Lagi, sesak yang terasa semakin membuatnya sulit bernafas.

"Kenapa, Kak? Jawab Aiz. Jawab dengan jujur kenapa aku harus pergi?"

Tak ada lagi daya, suaranya turut melemah, seiring pikirannya yang dipaksa mengingat memori demi memori yang sudah terlewati.

"Kamu yang pergi, atau saya yang akan hilang selamanya dari kamu, Aiza."

Cukup.

Semuanya selesai tanpa penjelasan.

Perlahan, langkah Aiza mulai mundur. Terus mundur dengan gerakan gontai. Kepalanya menunduk sambil berkata, "Oke! Aku bakal pergi. Jauh. Sampai Kak Azi menyesal, dan cari aku karena rindu yang membusuk, ngga terobati."

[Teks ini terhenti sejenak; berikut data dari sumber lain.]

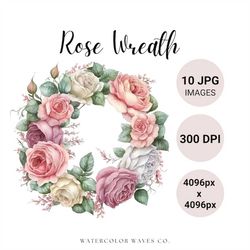 roses wreath clipart | floral jpg | white roses clipart | watercolor rose clipart bundle | digital planner | junk journa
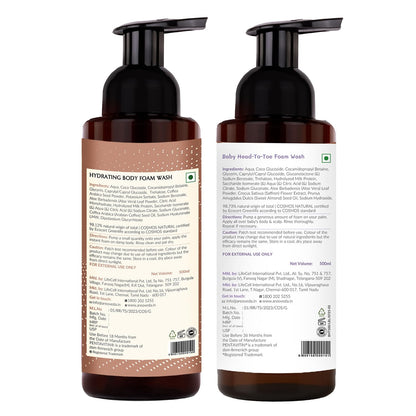 AreoVeda Mom & Baby Wash Combo With Pentavitin, Aloe Vera & Hyaluronic Acid | 24 Hrs Hydration I Soothes Skin, Reduces Irritation | PH Balanced | Cellularly Proven, Ecocert Certified & EWG Verified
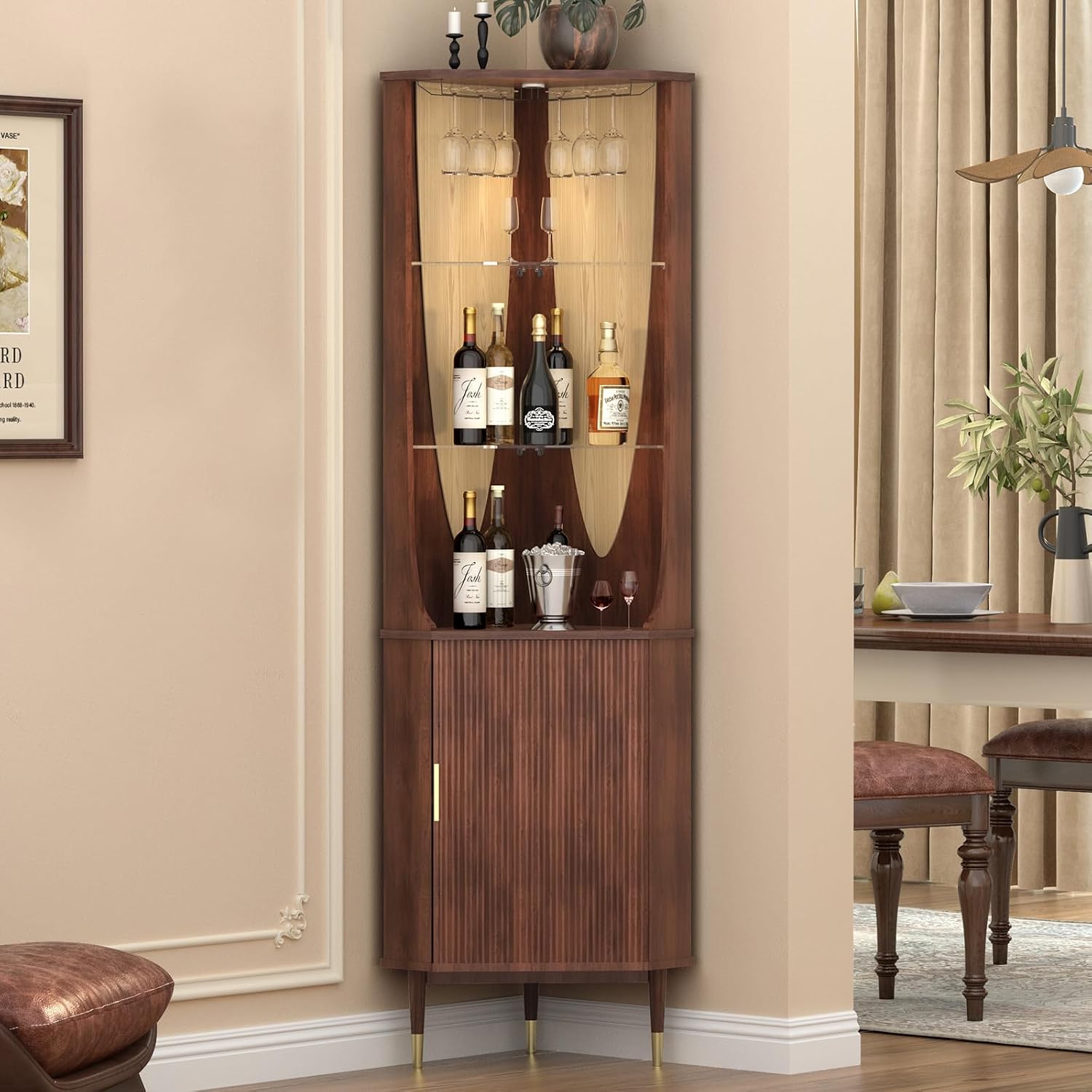JOINICE Tall Corner Bar Cabinet for Liquor,Mid-Century Modern,Walnut,70"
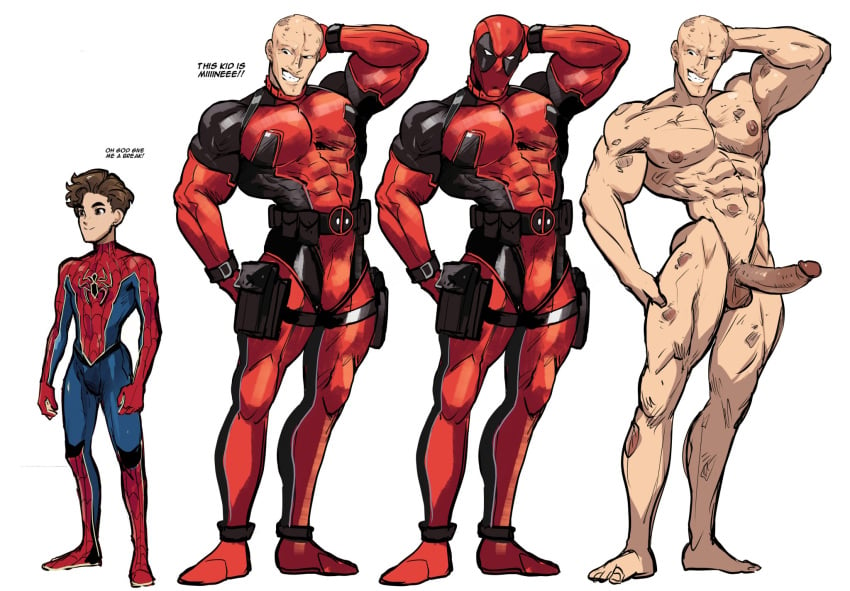 alpha_male boner cocky cocky_smile daddy deadpool dialogue english_dialogue english_text erect_penis erection fraternity hand_on_head hard_on human human_only light-skinned_male light_skin lilprincyvi male male_only manly marvel muscles muscular muscular_male pale_skin peter_parker size_difference spider-man teen_boy text verbal wade_wilson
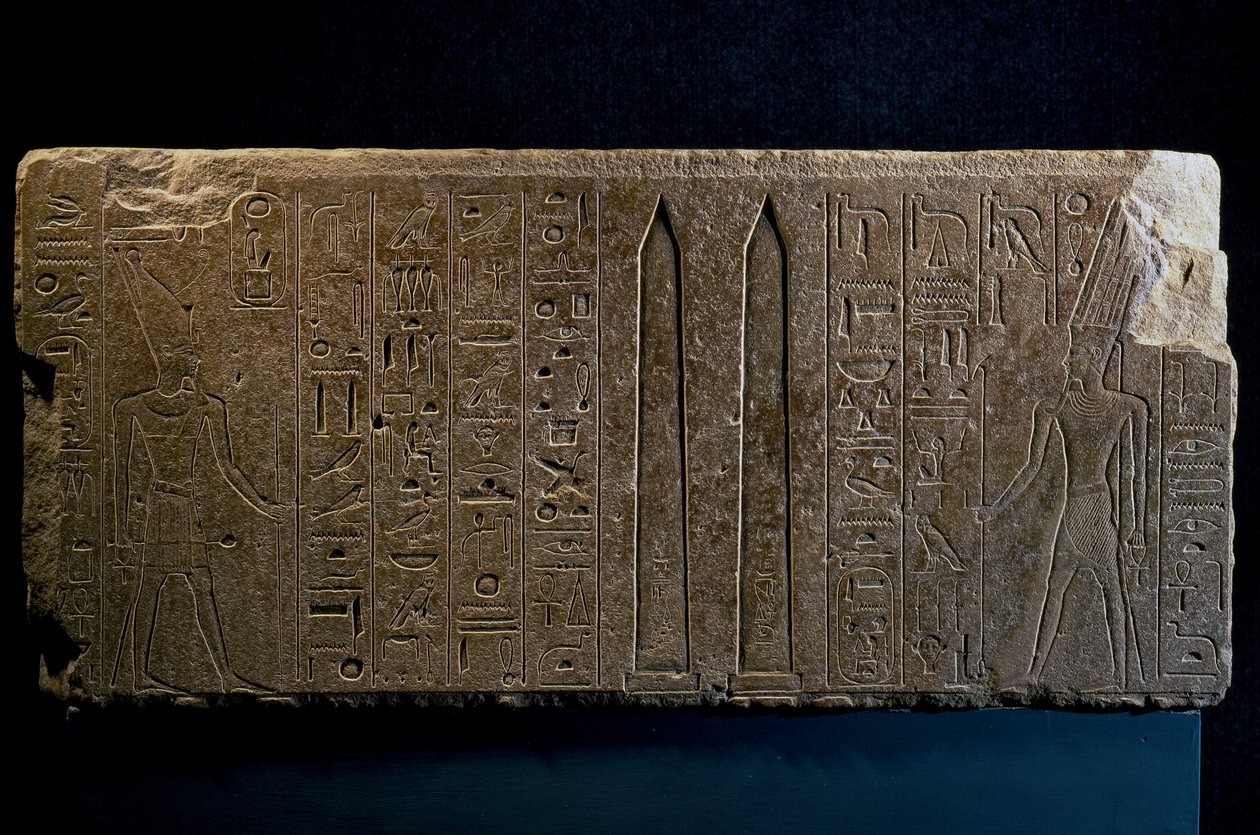 Hatszepsut i jej obeliski, blok kwarcytu ze świątyni Amona w Karnaku, cywilizacja egipska, Nowe Królestwo, dynastia XVIII autorstwa Egyptian 18th Dynasty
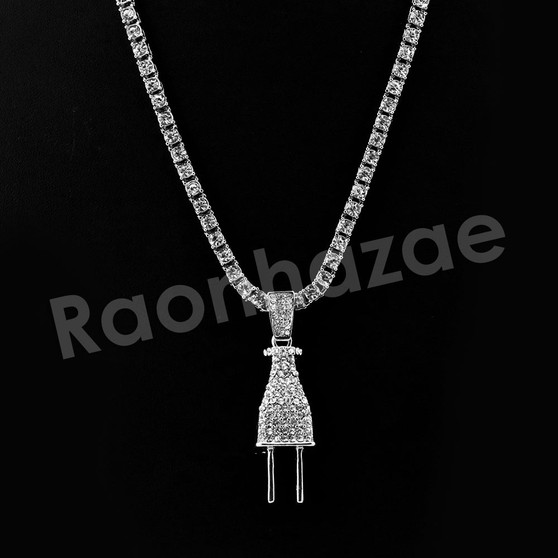 Micro Pave Electric Plug Pendant w/ 18" Tennis / 30" Cuban Chain X1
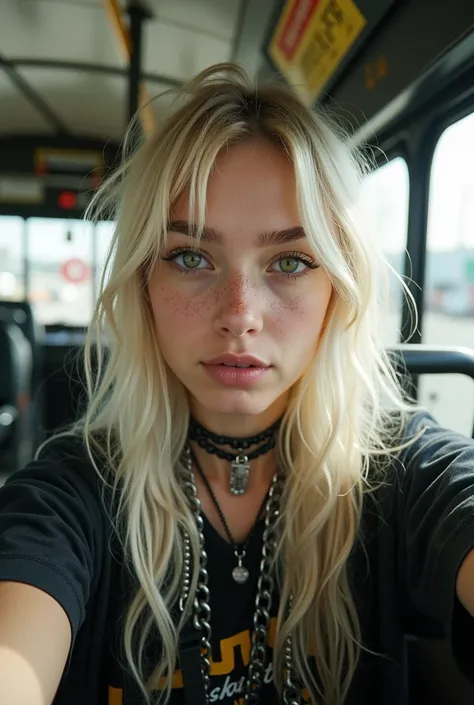 very attractive GOTH SKATER blonde girl with taking a selfie on a bus, more attractive. shes wearing a t shirt and shes younger. around 18 years old. She has freckles and rosy cheeks and Green eyes. Slimmer face. Make the hair brighter blonde with black ro...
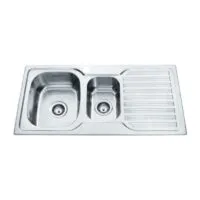 Eden 980x480x170mm Stainless Steel 1&1/2 Bowl Sink with Drainer - LHB Eden 980x480x170mm Stainless Steel 1&1/2 Bowl Sink with Drainer - LHB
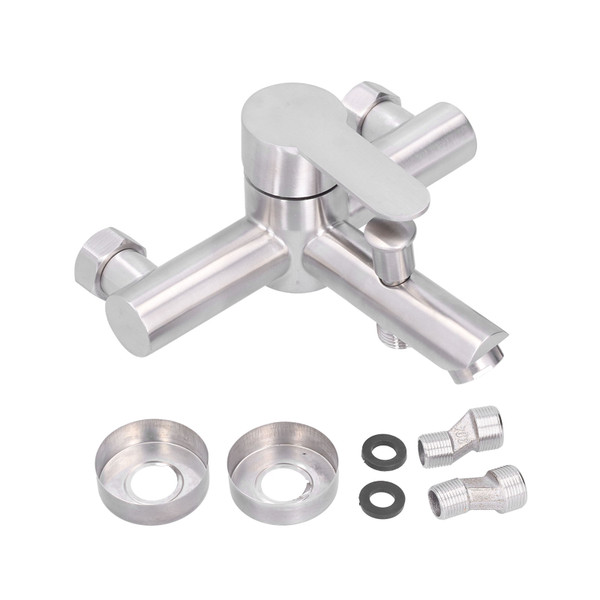 G1/2 Stainless Steel Brushed Bathtub Faucet Cold Hot Water Mixing Valve Triple Shower Faucet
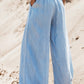 Denim Drawstring High Waist Wide Leg Pants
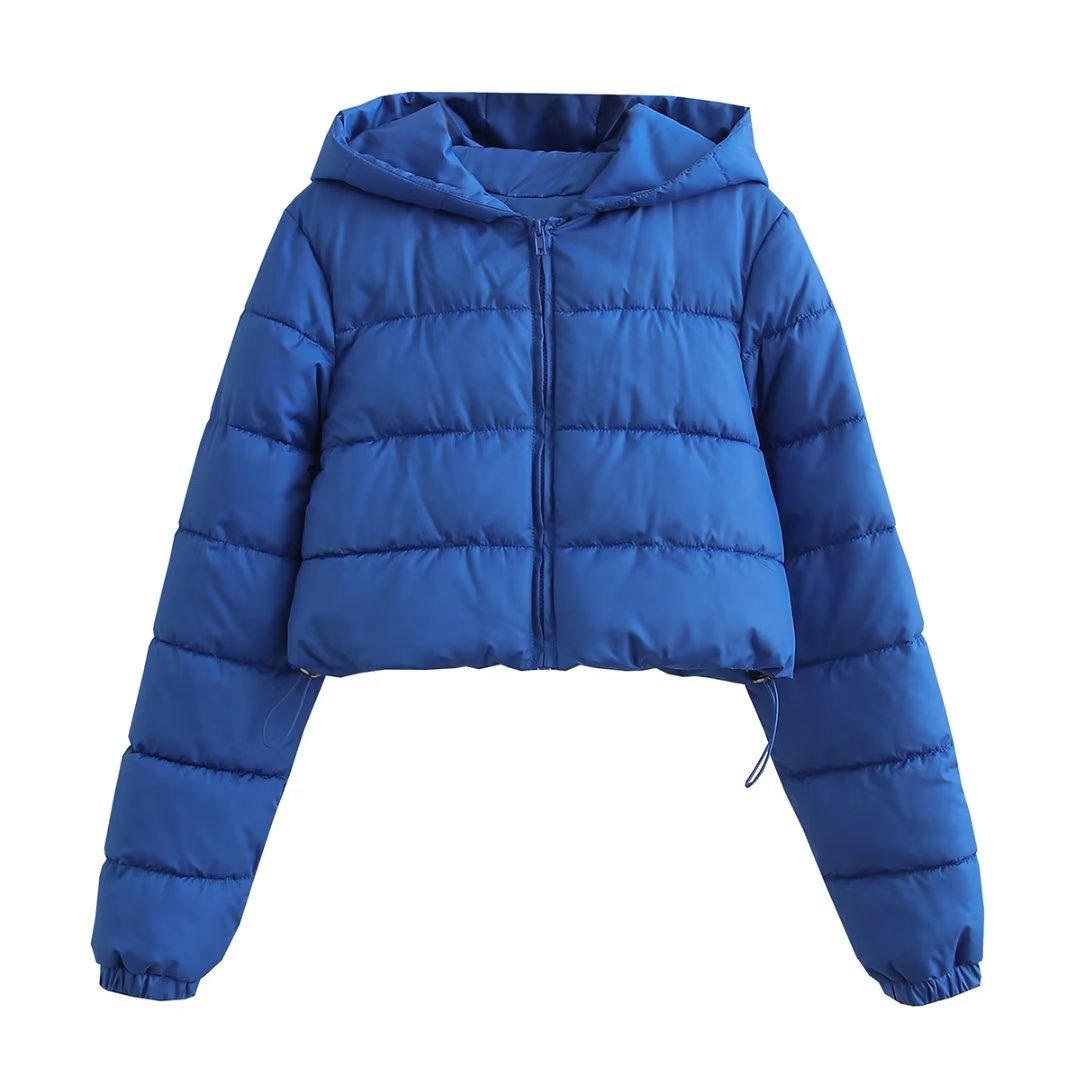 solid color long sleeve hooded crop cotton jacket NSAM138944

Lari, pikirannya saat ini hanya lari sejauh mungkin. Sesuai keinginan dia yang ada di dalam hati. Apa kata dunia? Apakah saat ini dunia menertawainya? Lelucon bodoh macam apa yang sedang dia tertawakan.

Sosoknya berlari semakin menjauh. Menunduk, tetesan air mata mulai keluar dari tempatnya. Pria bernama Azi, atau Aghazi itu benar-benar melakukan kesalahan yang menurutnya adalah hal paling benar.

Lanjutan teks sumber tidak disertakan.